If for some reason a compiled event log was required, that would be a manual process undertaken by a Programmer.

What were the main challenges in this approach?

This solution was slow, complex, and time-consuming. Due to the complexity of the logs, a Programmer is required to perform the investigation. Their initial step would be to determine the scope of the outage:

  • what service or services were impacted
  • what client or clients were impacted
  • when did the outage start
  • when did the outage end
  • are transactions now being successfully processed

From there, they could investigate and determine the root-cause and long-term resolution.

Unfortunately, with our old tool suite we couldn’t even provide the Programmers this basic information with any accuracy; we’d have to consult our EFT partners and have them advise us as to the actual time frames and status. The Programmer would then know where to look in the logs to determine what happened.

A single EFT interface outage would take a Programmer several hours to investigate; if the outage involved multiple EFT interfaces, the timeframe would increase accordingly. If the outage was the result of an on-going issue, the service could remain down for the duration of the investigation. We don’t have a group of staff members standing-by to perform investigations – these are people who have to be taken off other work to perform the analysis.

This solution worked in an after-the-fact manner, but was slow and cumbersome.

What are you now able to do?

We now monitor all of our EFT channels with one tool, regardless of banking system, database, or EFT service. We have one common look-and-feel for all services, significantly reducing the learning curve and increasing the information available to front-line staff. All log files are saved in one location, with a common timestamp.

By grouping the information by both EFT service and also by Institution, we get an almost instantaneous determination as to the scope of an outage. Is it:

  • one EFT service for one Institution
  • all EFT services for one Institution
  • one EFT service for all Institutions, or
  • all EFT services for all Institutions

This immediately provides a starting point to determine root cause and restore service.

We can also baseline our performance using a common tool for all services.

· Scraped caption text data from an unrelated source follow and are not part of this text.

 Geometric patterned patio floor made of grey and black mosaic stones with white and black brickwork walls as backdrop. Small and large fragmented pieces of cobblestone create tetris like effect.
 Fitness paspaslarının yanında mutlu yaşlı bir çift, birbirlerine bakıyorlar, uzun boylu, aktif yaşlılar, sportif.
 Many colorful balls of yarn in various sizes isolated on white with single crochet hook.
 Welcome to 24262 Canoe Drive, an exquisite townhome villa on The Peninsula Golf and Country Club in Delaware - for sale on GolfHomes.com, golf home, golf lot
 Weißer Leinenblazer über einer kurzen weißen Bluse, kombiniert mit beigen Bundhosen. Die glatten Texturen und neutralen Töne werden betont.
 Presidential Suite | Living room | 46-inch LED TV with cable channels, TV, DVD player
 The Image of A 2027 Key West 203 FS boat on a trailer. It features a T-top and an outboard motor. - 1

How quickly are the servers responding to EFT requests during the day, during the overnight batch processing cycles, during month-end, during the Christmas busy season?

We’ve started to model our usage patterns, and from there can determine the impact of a scheduled outage. When is the quietest time of the week? How many transactions do we process over the lunch period vs. before or after lunch? Following an outage, how many Store-and-Forward records can the system process per minute?

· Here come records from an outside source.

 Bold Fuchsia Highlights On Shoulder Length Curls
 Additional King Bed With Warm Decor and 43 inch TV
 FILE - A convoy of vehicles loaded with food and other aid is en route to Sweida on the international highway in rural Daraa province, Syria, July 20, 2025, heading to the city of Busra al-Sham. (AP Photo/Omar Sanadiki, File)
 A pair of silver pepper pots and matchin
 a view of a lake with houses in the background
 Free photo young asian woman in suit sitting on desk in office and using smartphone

We’ve also started to monitor our traffic patterns to look for anomalies. Are we seeing SAF files at any time other than following an outage? Why? Are we dropping “keep-alive” messages? Why?

We’re also able to quickly generate reports and real-time alerts on security events that have occurred. If we get a request to monitor all Host Response Codes of xyz we can create an Alert condition and have it operational in less than 5 minutes, with e-mail being sent to whomever when the event occurs, or the Event being sent to a Syslog server for further manipulation.

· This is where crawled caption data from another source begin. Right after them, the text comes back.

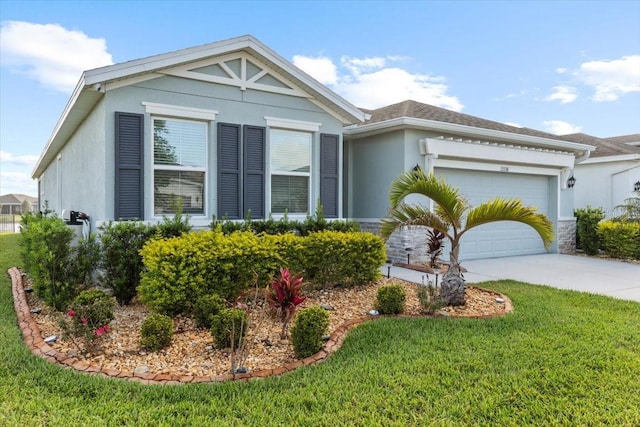 13338 Waterleaf Garden Cir, Riverview, FL 33579 - view of front facade with stucco siding, a garage, a front lawn, and driveway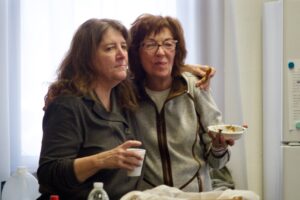 Two women hug as Tom O'Donnell speaks at The audience listens to Tom O'Donnell at St. Michael's Episcopal Church.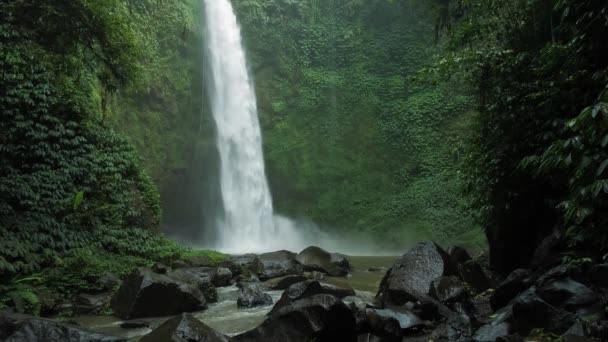 Удивительный водопад Нангнунг, медленно движущаяся падающая вода ударяется о поверхность воды, некоторые огромные скалы видны перед рамой. Пышные зеленые листочки движутся от ветра, Бали, Индонезия — стоковое видео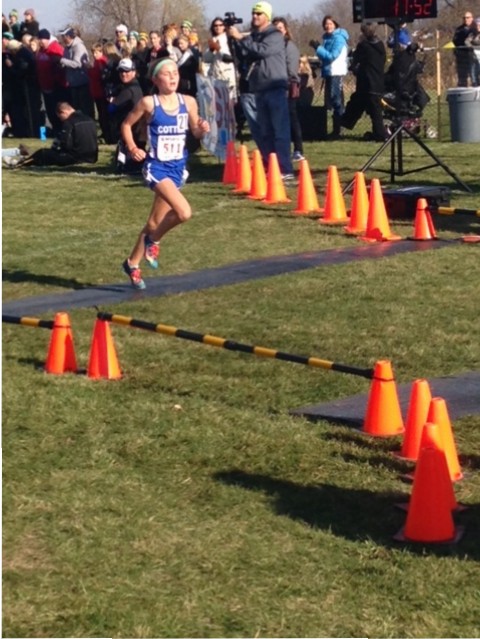 Cotter 7th grader Grace Ping crosses the finish line at the 2015 state cross country meet in Northfield, Minn.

So, tell us, have you ever been bitten by a radioactive spider?

No; a mosquito or two but never a spider!

 

Download this article as a PDF.

Well, then, it must be because of the enhancements in INETCO Insight 4.5. How have the improvements impacted you?

The biggest change for me in Insight 4.5 is to the Alerting module. With the addition of the “Entities” feature, tied into the existing Threshold feature, this has become an amazingly powerful tool. I’ve created 56 Alerts, but by using the Entities feature I can monitor more than 200 unique conditions.

For example, one rule can be configured that:

  • sets an Alert when the host response time for more than 4 consecutive Point of Sale transactions for credit union “X” exceeds 1 second
  • and it clears the Alert when that condition is no longer true

A second rule that I’ve introduced:

  • sets an Alert when the host returns any message other than “Approved” for more than 75% of internet banking transaction processed over a 5-minute period for credit union “X”
  • this same rule also e-mails the Operations staff when this condition occurs
  • this same rule also clears the Alert when the condition is no longer true
  • this same rule also e-mails the Operations staff when this condition is cleared

A last example:

  • sets an Alert when there have been no messages received from one of our ATM switch vendors for credit union “X” for more than 30 minutes
  • Again, this same rule also clears the Alert when messages are being received
  • This rule also is active only between 08:00 in the morning and 08:00 in the evening for the timezone in which the credit union is located

Other items that I’m alerting on include:

  • Slow host response time by EFT service and Institution as % of all transactions
  • Slow host response time by EFT service and Institution as consecutive txn’s
  • Failed transactions by EFT service and Institution as % of all transactions
  • Failed transactions by EFT service and Institution as consecutive txn’s
  • Lack of transaction by EFT service and Institution during the day
  • Lack of transaction by EFT service and Institution during the night (different thresholds as we expect fewer transactions)
  • When we’re not receiving Keep-Alive messages
  • When we’re receiving SAF files

INETCO has also introduced an “Alert Status” dashboard to help keep track of Alerts that have occurred. This provides a colour-keyed one-stop view of all Alerts, whether or not the Alert condition has been triggered, and if so, when it was last triggered.

From the “Alerts Status” screen you can flip back to the scrolling Alerts log, and you can now drill down and see the underlying events that triggered the Alert.

A second area of enhancement that I’ve come to appreciate more during my Beta testing is the History area. This now displays a full week’s worth of history, making it much more useful in terms of looking back to see what happened over the past several days. It also displays the transactions that occurred during that time so if you see an anomaly you can drill down from that screen to see what transactions occurred.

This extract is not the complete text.